Una ráfaga de imágenes me vinieron al cerebro. Múltiples luces de colores y estrober. Humos en la cara, rostros oscuros que solo eran iluminados por el ir y venir de los cigarrillos y las velas. Copas medio llenas de tragos de todos los colores, mesas oscuras llenas de ceniceros, vasos y botellas. Música burbujeante que te invitaba a cerrar los ojos y dejarte llevar. Minifaldas y escotes infinitos dispuestos ante los ojos de aquel que estuviera en el mejor lugar de todos para disfrutarlo: En la barra. Todos querían que su canción sonase primero. Llegaban allí, invitaban y pedían. Recordé como treinta rostros. Todos femeninos. Algunas rubias, otras morenas. Pero eso sí, todas de labios apetitosos.

¿Carlos? Estee... sí! Claro que me acuerdo de ti. Sos el ‘Caleño’. ¿No? –Fue mi gran deducción luego de escuchar su acento–.
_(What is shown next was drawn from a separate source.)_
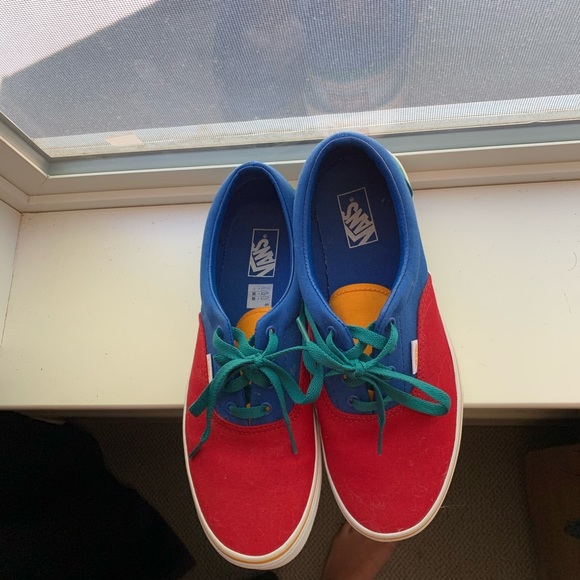 Vans - Picture 1 of 4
Te acordaste de mí, ve!. Y pensé que por lo poco que estuve en el bar no te ibas a acordar.

Su rostro realmente no me dijo nada pero su mano me ofrecía un cigarrillo japonés que solo le había visto a uno de los judíos que era dueño del bar de la competencia.
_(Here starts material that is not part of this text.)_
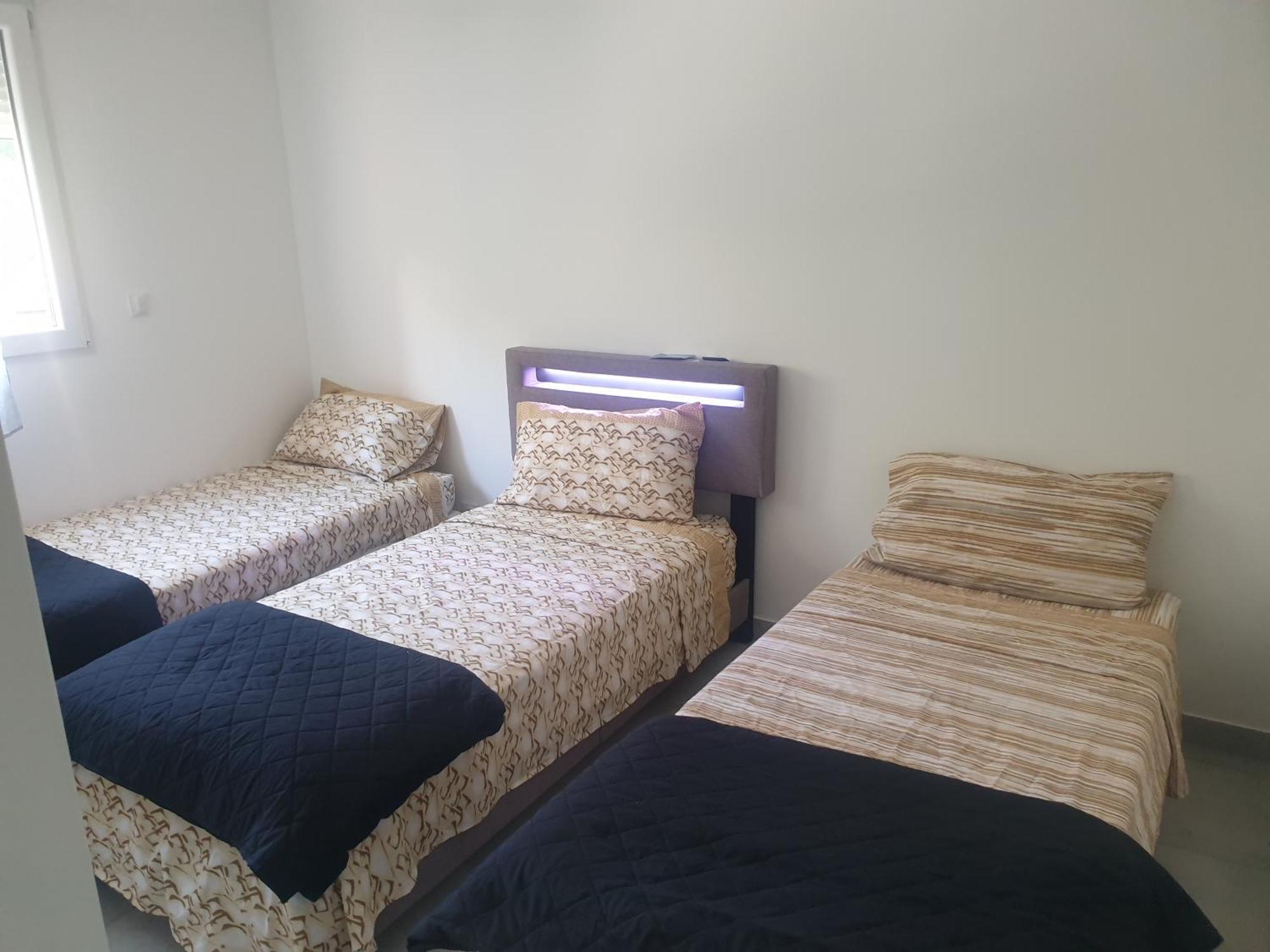 Appartements Renove 2023 Proche Aeroport 5Min, Gare Sncf 2 Min, Tramway Au Pied De L'Immeuble , Parking Possible, Renovated Apartments 2023 Near The Airport 5 Min, Train Station 2 Min, Tram Next To The Building 1 Min, Parking Possible Nice Rom bilde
Y qué más de vos?, Vé! –le pregunté. Era un cigarrillo fabuloso. Como si estuviese hecho de hierbas aromáticas su humo sencillamente reconfortaba.

Nada mijo. Camellando resto y ganando duro –me dijo. Como si yo supiera qué era eso de tener dinero en el bolsillo.
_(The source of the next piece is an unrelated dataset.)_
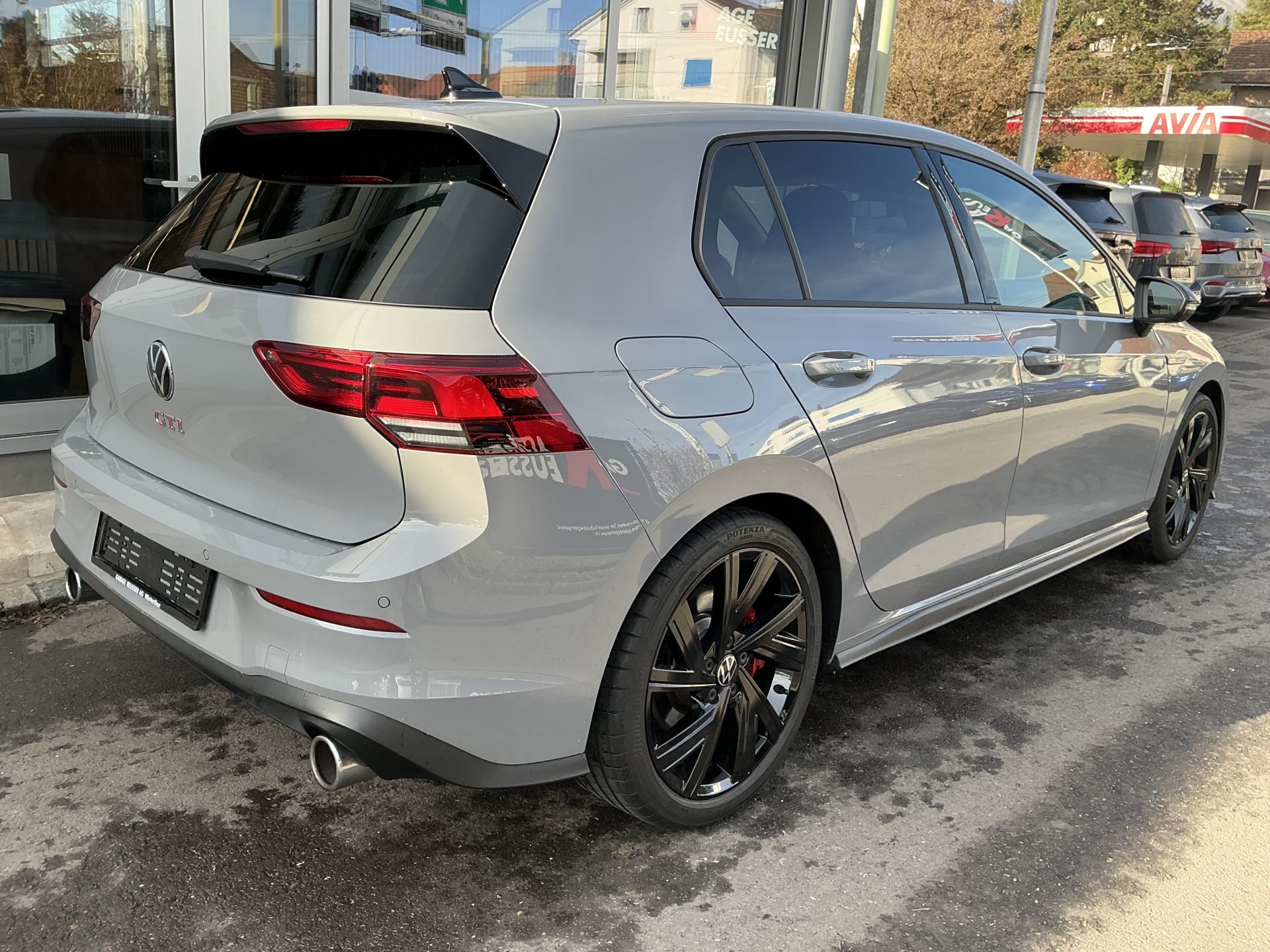VW Golf 2.0 TSI GTI *** BLACK STYLE & HANDSCHALTUNG !!! ***-showroom-element-3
Hablamos poco más de diez minutos y sí, el cigarrillo se acabó. Luego comenzamos a bajar por la 72 para caminar por la 15 hacia el norte. Abrió una cajetilla distinta. Sacó dos cigarrillos y a cada uno le metió una pepa en el filtro.

Probá esto que me acaba de llegar.

El golpe fue directo. La Panamericana dejó de ser una papelería y se convirtió en un castillo. Tenía torres inmensas y era tan extensa que deseé tener un caballo para recorrerla. En cada esquina de cuadra había un pelado o una vieja vendiendo chatarra de paquete: Papas, dulces, chitos y cigarros. Ellos se fueron convirtiendo en los porteros de cada uno de los Burgos que fueron apareciendo. Cada cuadra un Burgo. Terrenos atestados de castillos tintineantes que eran separados por ríos de luces cegadoras. Ríos en los cuales Dragones de fuego eran cabalgados por jinetes que incesantes tocaban marchas de guerra en sus cornetas.

Un castillo, un río, un dragón, un portero. Un castillo, un río, un dragón, un portero. Otro castillo, otro río, otro dragón, otro portero. El carrusel se repetía y aunque mil veces caminé por aquellos senderos nunca les había visto así. Los árboles raquíticos de siempre, como bosques itinerantes, se atravesaban en mi camino una y otra vez. Deteniéndome. Evitando que de algún modo pudiera llegar a mi objetivo. Carcomiendo mi memoria, haciéndome olvidar en dónde estaba.

Fueron semanas cabalgando en dragones, nadando en los ríos y durmiendo en los árboles hasta que por fin, treinta minutos después, estábamos parados frente al bar...

Gengis Khan despertó y le pidió a su secretario que escribiera su sueño. “Los designios cambiarán... –le dijo– ...pues mis sueños siempre traen buenos augurios”.